For Catalogs, a data-processing service is meant to target a user-selected item in the catalog. To execute a service for that specific catalog item, (at least) some properties of the catalog item must be linked to some parameters of the data-processing service.

Otherwise, the data-processing service does not specifically target any item of the catalog. It is only executed as a generic data-processing service on the Catalog’s parent Snapshot.

As an example, let us assume one need to execute a 2D column density map (with e.g. map center coordinates, map size, image resolution parameters) service on a selection of galaxies identified in a catalog of spiral galaxies out of a cosmological simulation. All the galaxies of the catalog are characterized by x/y/z coordinates, mass and radius properties. To post-process column density maps of a set of galaxies from this catalog :

  • the coordinates (x/y/z) of the galaxies need to be used as map center coordinates parameter values of the service,

  • the radius of the galaxies need to be used as map size parameter values of the service (modulo a chosen scaling factor).

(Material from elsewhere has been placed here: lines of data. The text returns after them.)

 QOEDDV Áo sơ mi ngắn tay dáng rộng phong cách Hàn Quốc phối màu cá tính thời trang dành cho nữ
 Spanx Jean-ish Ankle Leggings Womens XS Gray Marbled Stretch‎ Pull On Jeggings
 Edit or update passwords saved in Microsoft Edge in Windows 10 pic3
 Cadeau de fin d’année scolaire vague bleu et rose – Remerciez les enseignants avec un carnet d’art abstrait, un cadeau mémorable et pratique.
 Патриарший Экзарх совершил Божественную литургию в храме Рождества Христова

To define which CatalogField must be used as input value for a given data-processing service parameter, CatalogFieldBinding instances must be created and added into the CatalogDataProcessingService using its catalog_field_bindings property. Optionally, you can define a scaling relation :\(\textrm{param_value} = \textrm{scale} \times \textrm{field_value} + \textrm{offset}\):

>>> from astrophysix.simdm.services import CatalogFieldBinding
>>>
>>> # Here the galaxy coordinates are defined in the catalog wrt to the box (100 Mpc wide)
>>> # center, in the range [-50;50] Mpc.
>>> # Galaxy position normalisation [-50 Mpc; 50 Mpc] / 100 Mpc + 0.5 = [0.0; 1.0]
>>> fbx = CatalogFieldBinding(param_key="xmap", catalog_field=fx,
...                           scale=1.0e-2, offset=0.5)
>>> fbx = CatalogFieldBinding(param_key="ymap", catalog_field=fz,
...                           scale=1.0e-2, offset=0.5)
>>> fbz = CatalogFieldBinding(param_key="zmap", catalog_field=fy,
...                           scale=1.0e-2, offset=0.5)
>>> # The 'column_density_map' service map center parameters are in box normalised units ([0.; 1.])
>>> gal_cat.catalog_field_bindings.add(fbx)
>>> gal_cat.catalog_field_bindings.add(fby)
>>> gal_cat.catalog_field_bindings.add(fbz)
>>>
>>> # Here we choose to create a map four times larger than the galaxy radius.
>>> fb_rad = CatalogFieldBinding(param_key="map_size", catalog_field=frad,
...                              scale=4.0)
>>> gal_cat.catalog_field_bindings.add(fb_rad)

Note

By default, the scaling factor is 1.0 and the offset is 0.0 (no scaling).